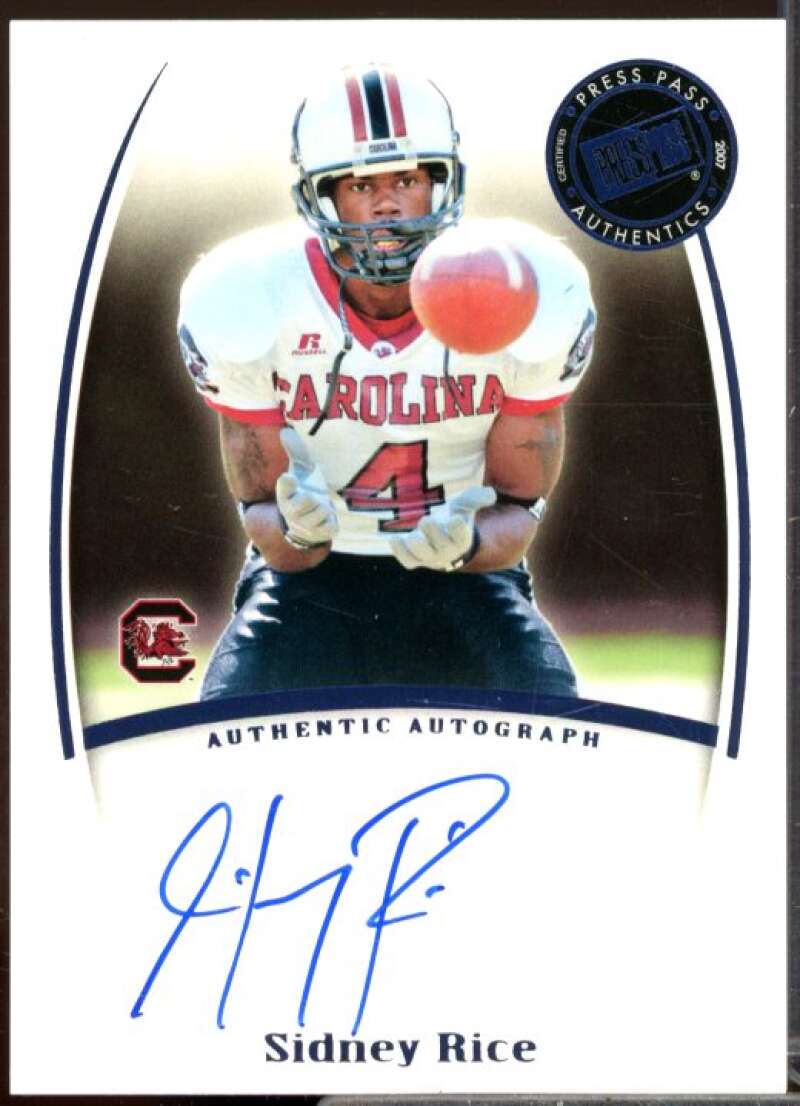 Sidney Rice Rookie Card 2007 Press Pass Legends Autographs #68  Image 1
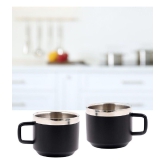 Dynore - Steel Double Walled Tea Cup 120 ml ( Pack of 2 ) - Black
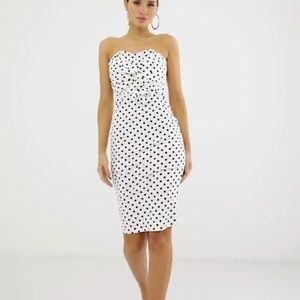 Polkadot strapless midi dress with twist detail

...

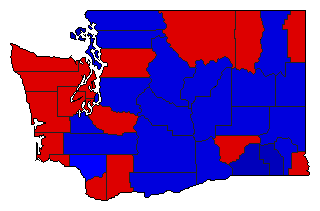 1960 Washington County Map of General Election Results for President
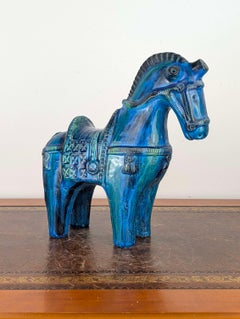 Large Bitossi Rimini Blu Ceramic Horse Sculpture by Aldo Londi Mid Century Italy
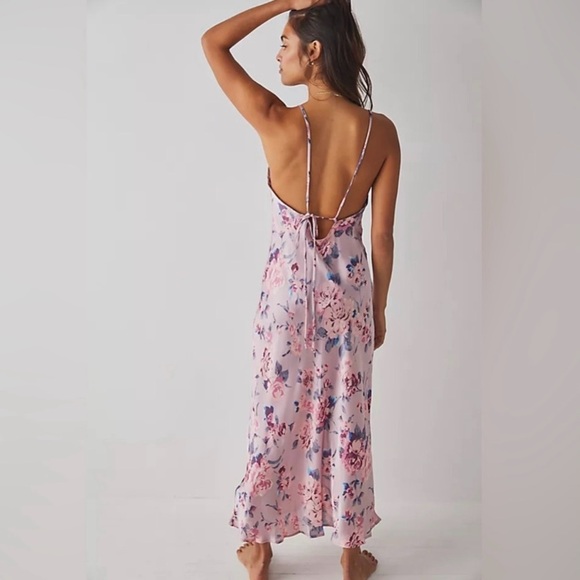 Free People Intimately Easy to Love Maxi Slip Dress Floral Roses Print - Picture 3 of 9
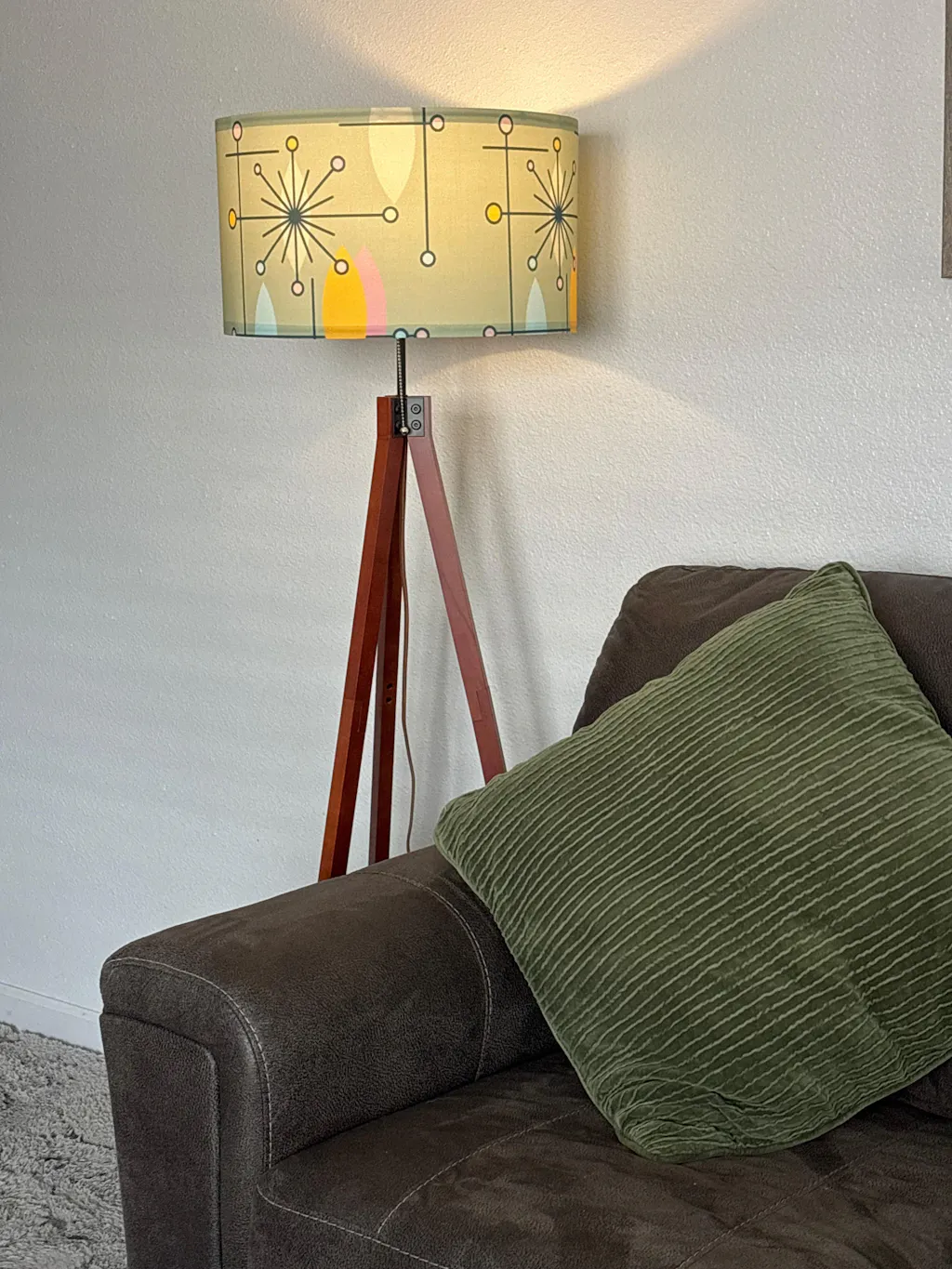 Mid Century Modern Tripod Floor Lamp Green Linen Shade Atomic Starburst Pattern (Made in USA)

...

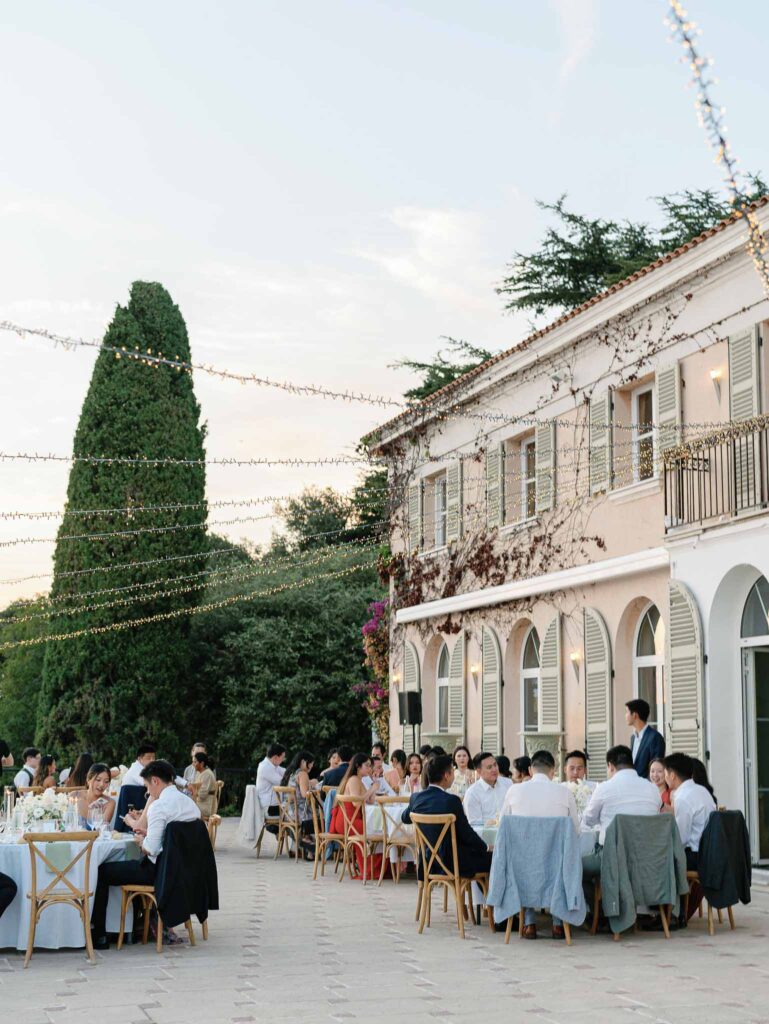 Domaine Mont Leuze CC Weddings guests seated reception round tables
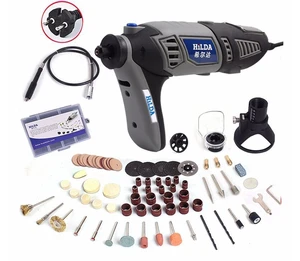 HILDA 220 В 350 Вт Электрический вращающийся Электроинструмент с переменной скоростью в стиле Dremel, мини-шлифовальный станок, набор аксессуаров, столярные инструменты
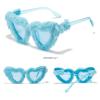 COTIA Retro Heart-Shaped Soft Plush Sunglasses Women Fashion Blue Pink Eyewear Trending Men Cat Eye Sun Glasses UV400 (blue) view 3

◆ **What you have to do**
Above are the records; copy from them only the lines starting at the one containing "Dynore - Steel" and ending at the one containing "Polkadot strapless midi", exactly and without pictures.

◆ **Worked solution**
 Dynore - Steel Double Walled Tea Cup 120 ml ( Pack of 2 ) - Black
 Polkadot strapless midi dress with twist detail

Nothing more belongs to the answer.